* [DIRECTIONS]: Leave every image out, and print the remaining lines below exactly.

··· TASK MATERIAL

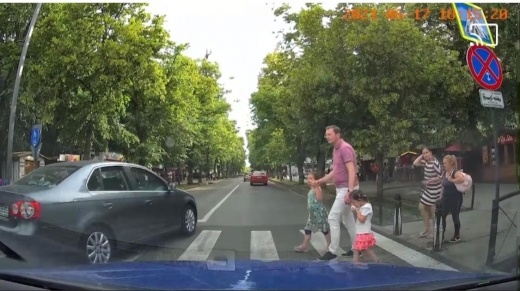 VIDEO. Manevră periculoasă, lângă Parcul Central! Un șofer NESIMȚIT le-a tăiat calea pietonilor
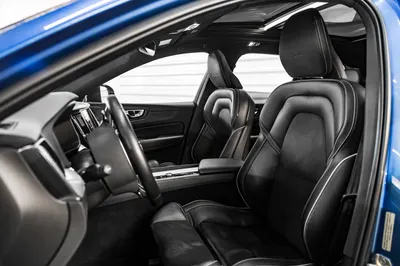 Volvo VOLVO XC60 T8 HYBRID R-DESIGN AWD  TOP 2019 — foto 7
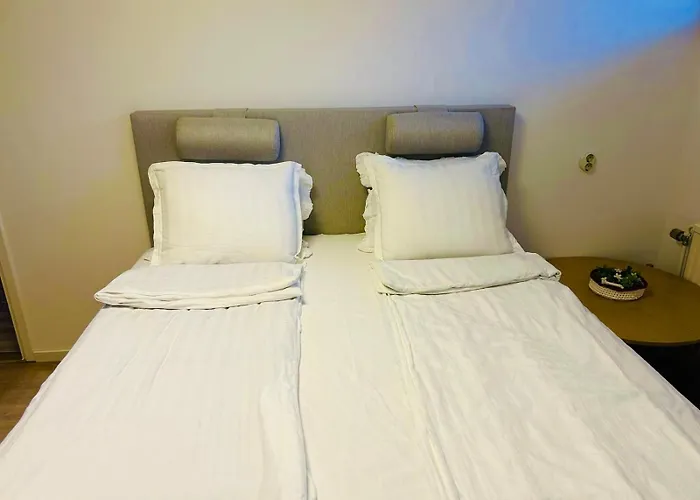 Cozy Home With Garden In Malmoe - Two Double Beds Room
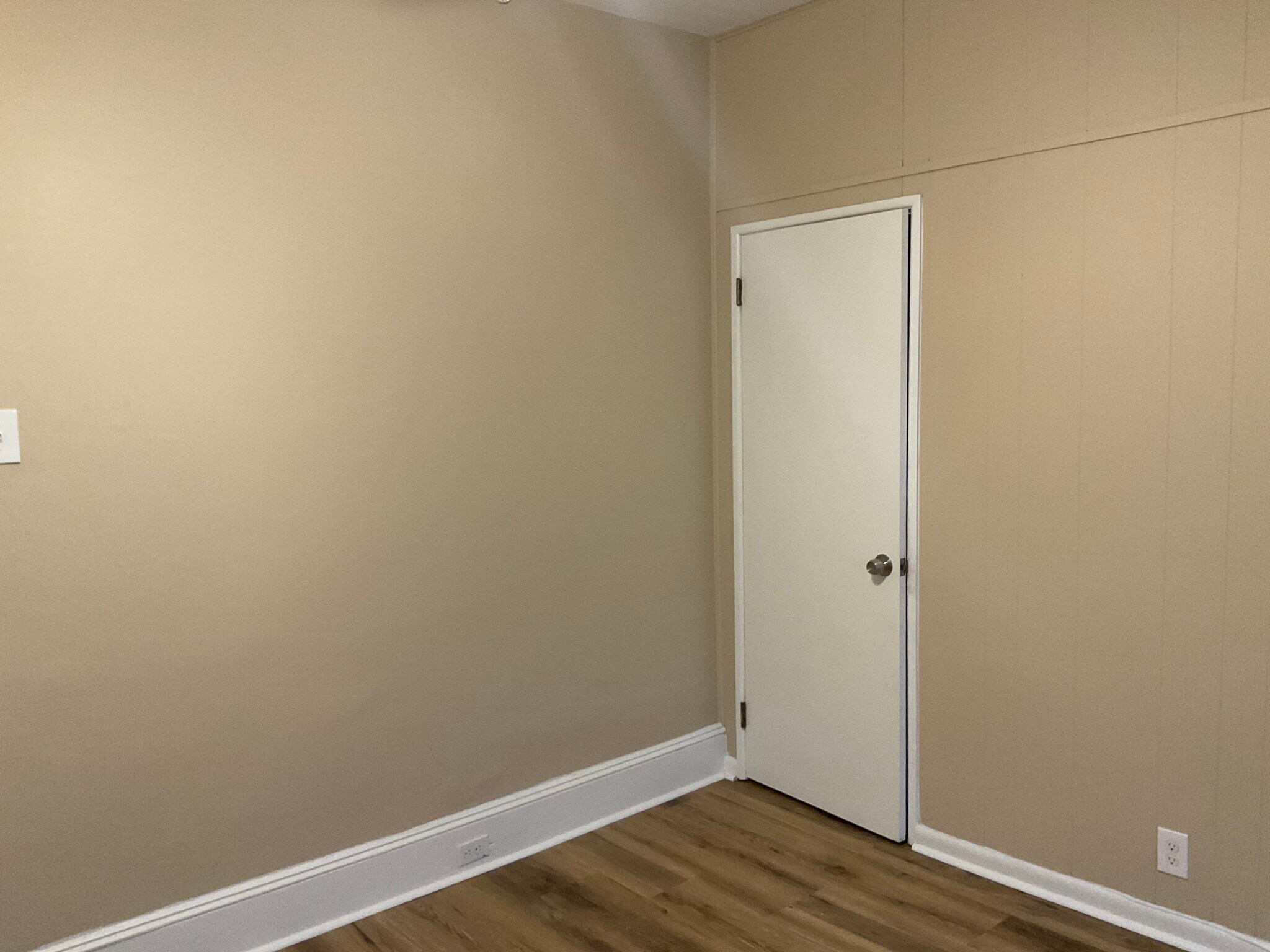 Building Photo - 348 N Simpson St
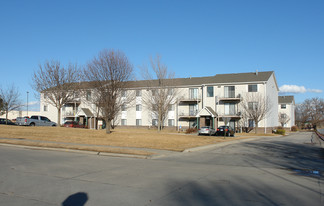 Grandview Apartments in Papillion, NE - Building Photo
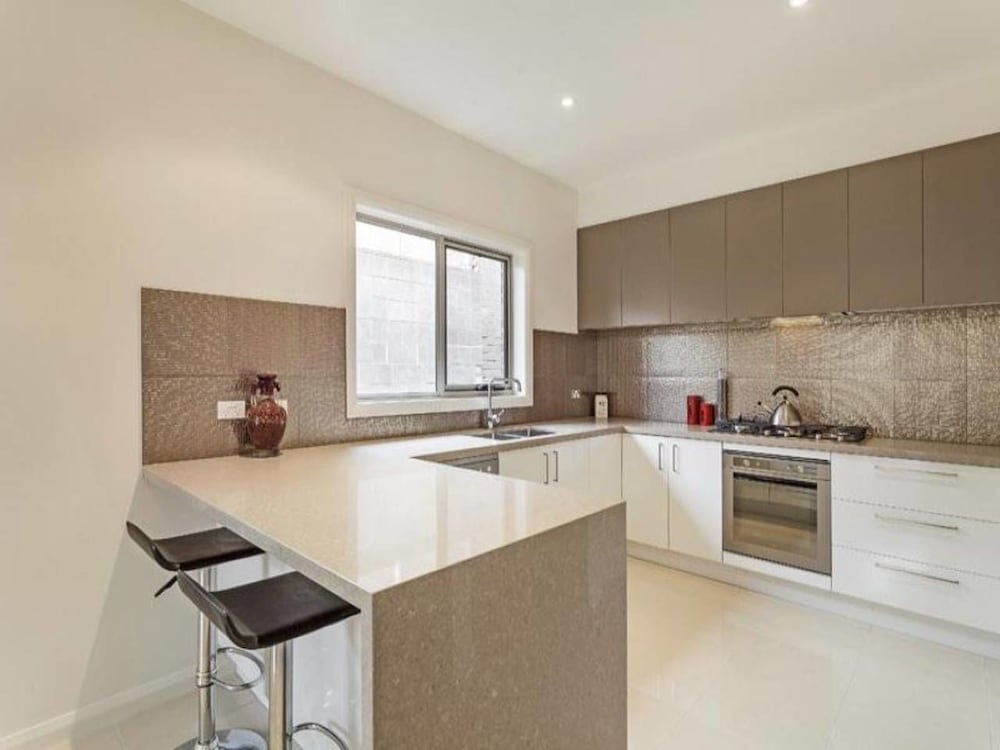 Family Townhome, 3 Bedrooms, Accessible, Garden Area photo 2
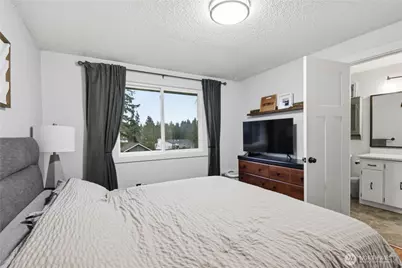 422 216th Street SW, Bothell, WA 98021 - Photo 11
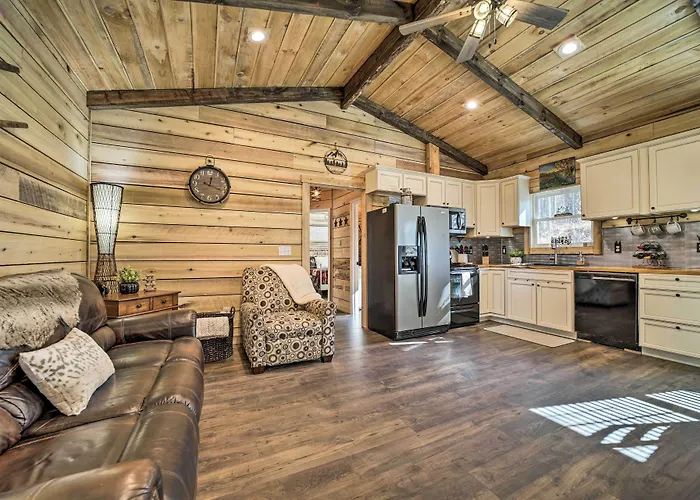 Modern Cabin W/ Fire Pit < 3 Mi To Trails!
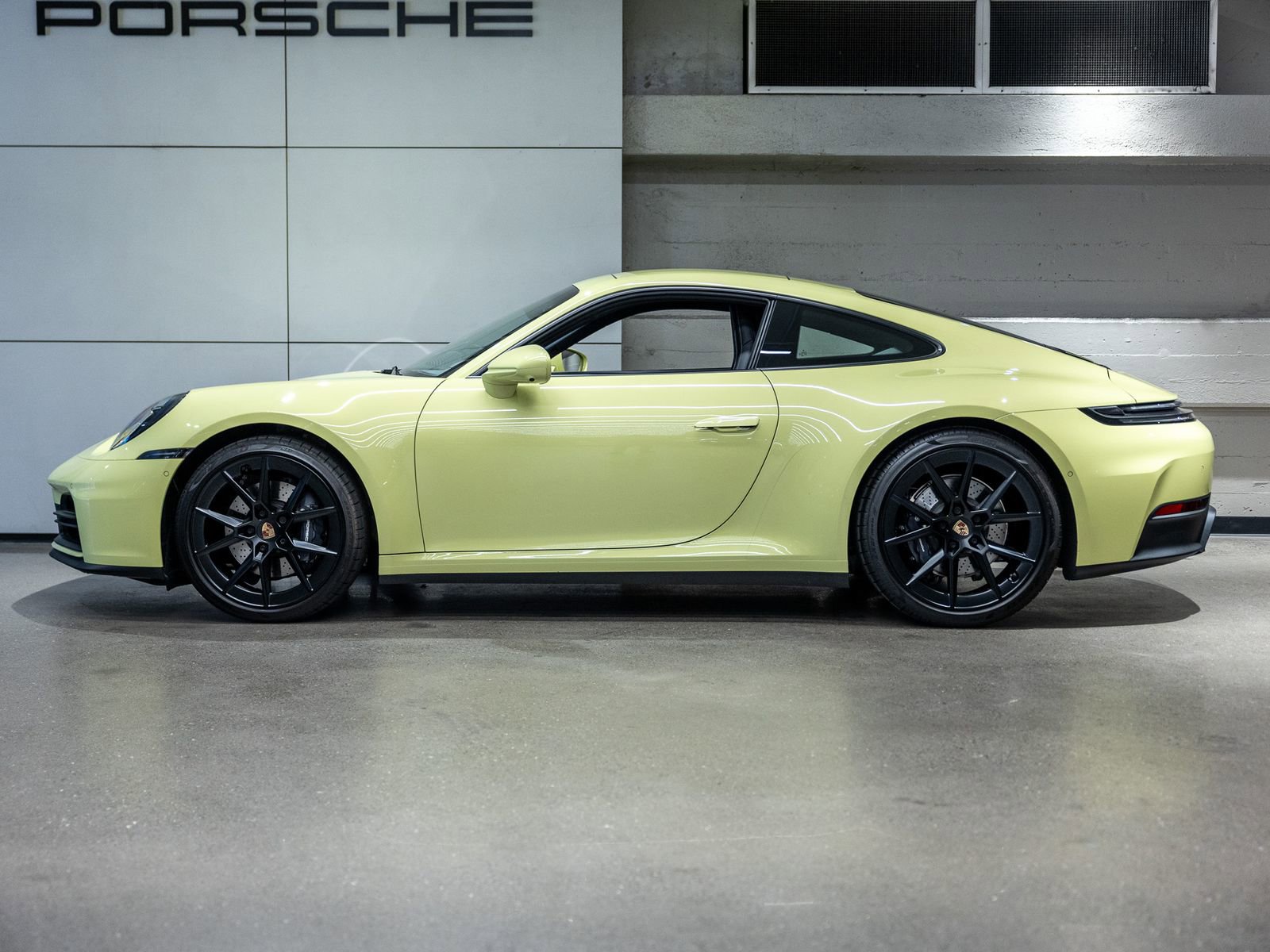 Certified 2025 Porsche 911 Carrera image 2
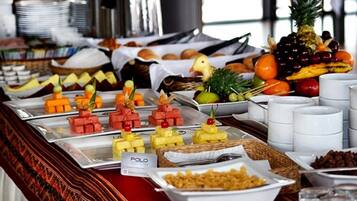 A buffet with various food items and a sign labeled "POLO".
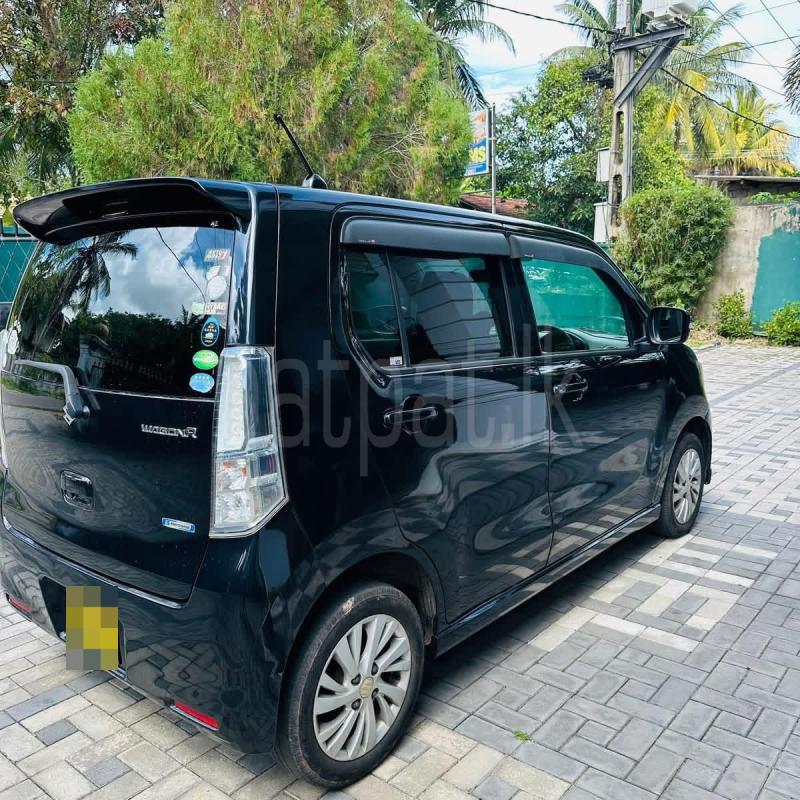 Suzuki Wagon R 2017 - பயன்படுத்தப்பட்டது கார் sale in Sri Lanka - patpat.lk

······

* [ANSWER AREA]:
 VIDEO. Manevră periculoasă, lângă Parcul Central! Un șofer NESIMȚIT le-a tăiat calea pietonilor
 Volvo VOLVO XC60 T8 HYBRID R-DESIGN AWD  TOP 2019 — foto 7
 Cozy Home With Garden In Malmoe - Two Double Beds Room
 Building Photo - 348 N Simpson St
 Grandview Apartments in Papillion, NE - Building Photo
 Family Townhome, 3 Bedrooms, Accessible, Garden Area photo 2
 422 216th Street SW, Bothell, WA 98021 - Photo 11
 Modern Cabin W/ Fire Pit < 3 Mi To Trails!
 Certified 2025 Porsche 911 Carrera image 2
 A buffet with various food items and a sign labeled "POLO".
 Suzuki Wagon R 2017 - பயன்படுத்தப்பட்டது கார் sale in Sri Lanka - patpat.lk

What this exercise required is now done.